### Action item
Where the line containing "Cheerful woman sitting on rainbow bench" appears, begin retyping; continue exactly through the final line of the data. Omit every picture.

### Given entries
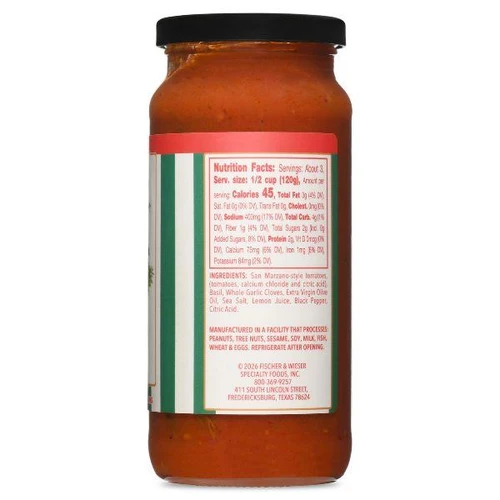 The nutrition and ingredient panel on the side of a 16 oz jar of Mom's Classic Garlic and Basil Pasta Sauce, displayed vertically on a clean white background. The red-bordered text box lists nutrition metrics like 45 calories per 1/2 cup serving alongside an ingredients list detailing San Marzano-style tomatoes, basil, and whole garlic cloves.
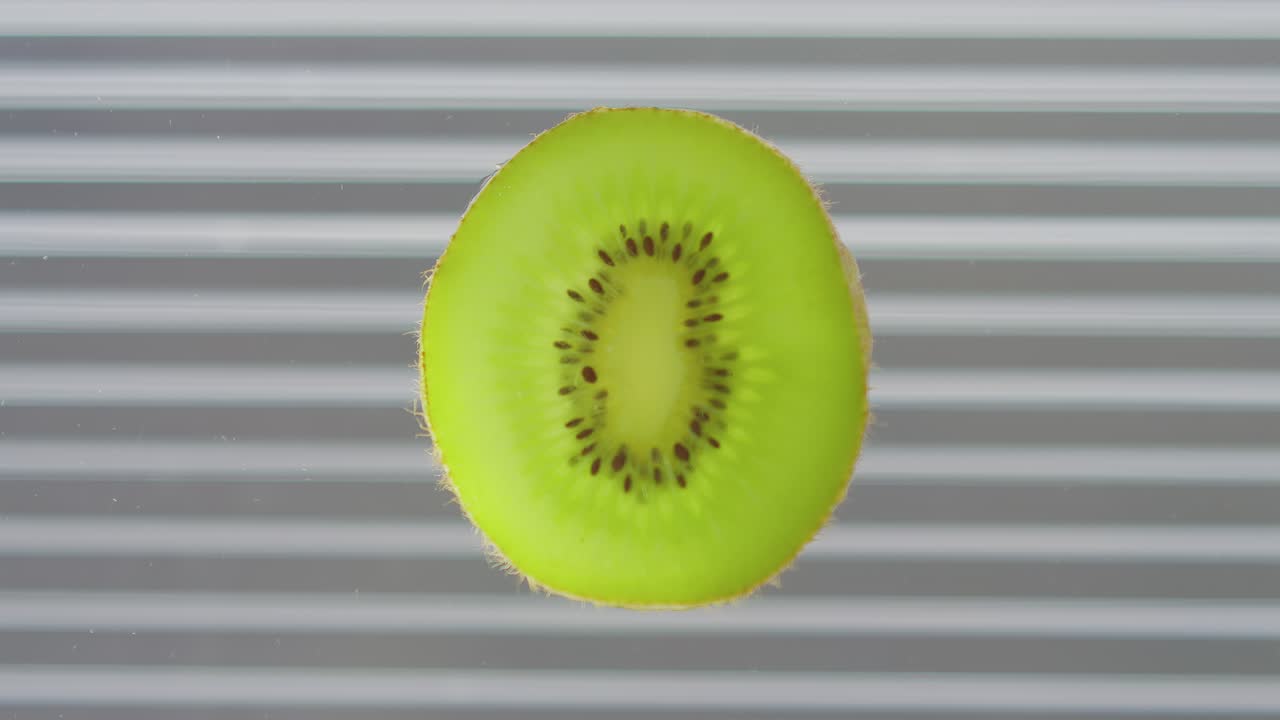 um pedaço de kiwi gotas de fruta e salpicos
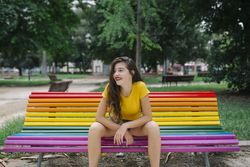 Cheerful woman sitting on rainbow bench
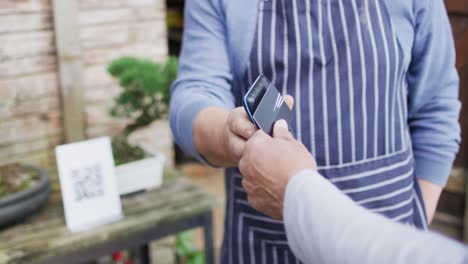 Caucasian-male-gardener-selling-plants,-using-contactless-payments-at-garden-center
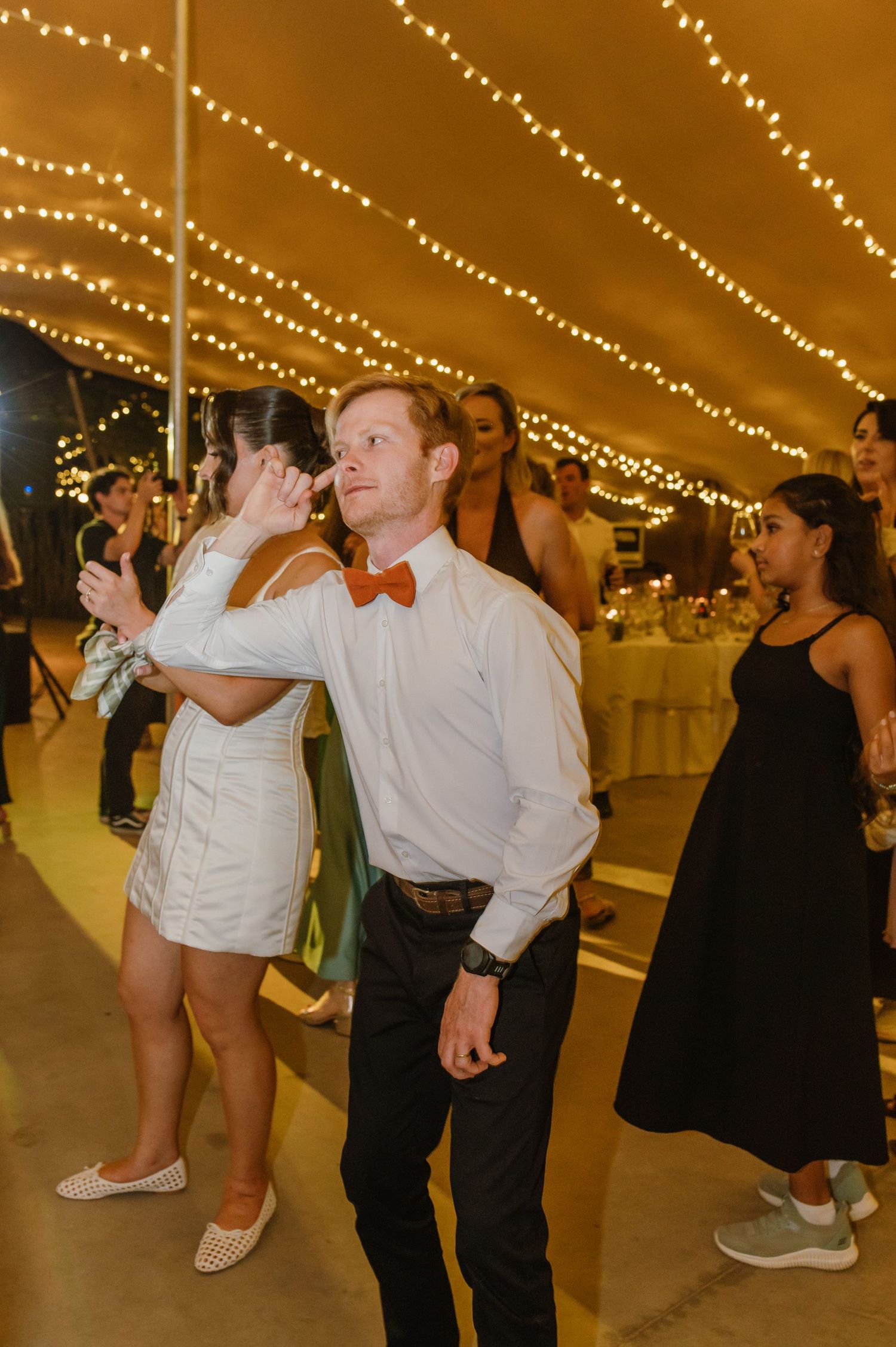 Wedding reception dance floor with guests celebrating under string lights.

### Task result
 Cheerful woman sitting on rainbow bench
 Caucasian-male-gardener-selling-plants,-using-contactless-payments-at-garden-center
 Wedding reception dance floor with guests celebrating under string lights.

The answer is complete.